I. Unit Framing: The End of Empires
Between 1945 and 1975, almost every European colony in Asia, Africa, and the Caribbean became an independent state. The British, French, Dutch, Belgian, and Portuguese empires all dissolved. More than fifty new nations joined the United Nations. This was the most rapid reorganization of the global political map in modern history. Maria should understand both the forces that produced decolonization and the difficult questions that followed: what kind of states would replace the colonies, what kind of national identities would form, and what kind of relationships would emerge between former colonizers and former colonies.
Decolonization did not arrive suddenly in 1945. Anti-colonial movements had existed throughout the imperial era. The Indian National Congress was founded in 1885. African pan-nationalism emerged in the early twentieth century. But several factors converged after WWII to make decolonization unstoppable. European powers were economically exhausted and morally compromised. Colonial subjects had served in WWII and returned home expecting recognition. The new superpowers (the U.S. and USSR) had ideological reasons to oppose European imperialism. The United Nations enshrined self-determination as a principle. The cumulative effect was that the imperial order, which had seemed permanent in 1900, became indefensible by 1950.

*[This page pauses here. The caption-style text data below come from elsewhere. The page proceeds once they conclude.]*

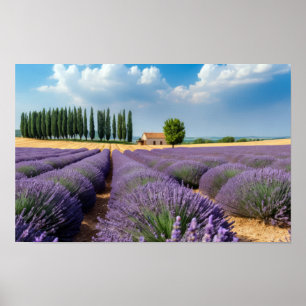 Affiche Lavande Nature Extérieur Paysage Calme Paisible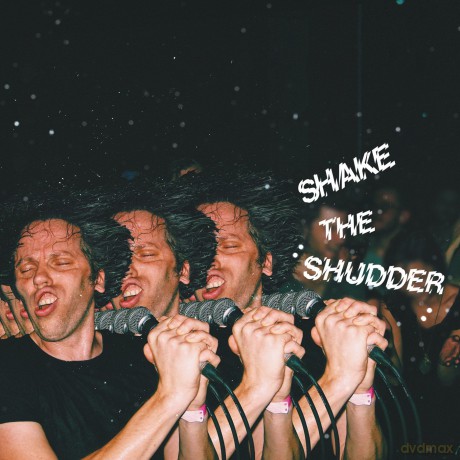 !!!: Shake The Shudder [2xWinyl]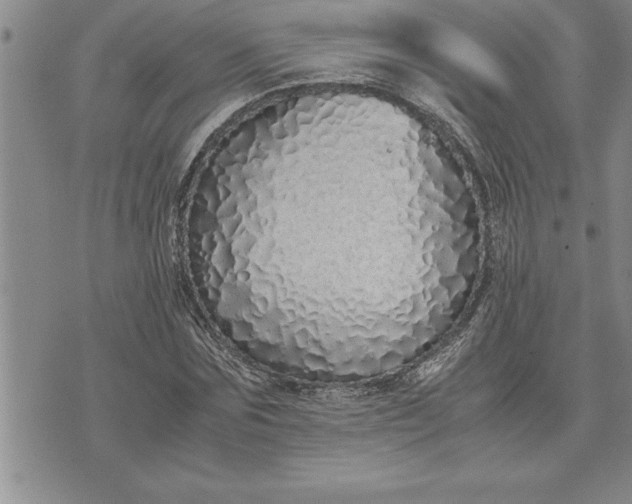 X0000071830875200607141657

Strategic insight: The story of decolonization has three movements. First, the rise of organized anti-colonial movements before WWII, often led by Western-educated elites whose education in colonial schools paradoxically gave them the intellectual tools to demand independence. Second, the achievement of formal political independence between 1945 and 1975, sometimes through negotiation and sometimes through war. Third, the difficult work of nation-building after independence, complicated by colonial-era borders, ethnic and religious divisions, economic dependencies, and Cold War interference.
Essential question: How did colonized peoples win independence from European empires, and what challenges did new nations face in defining themselves after independence?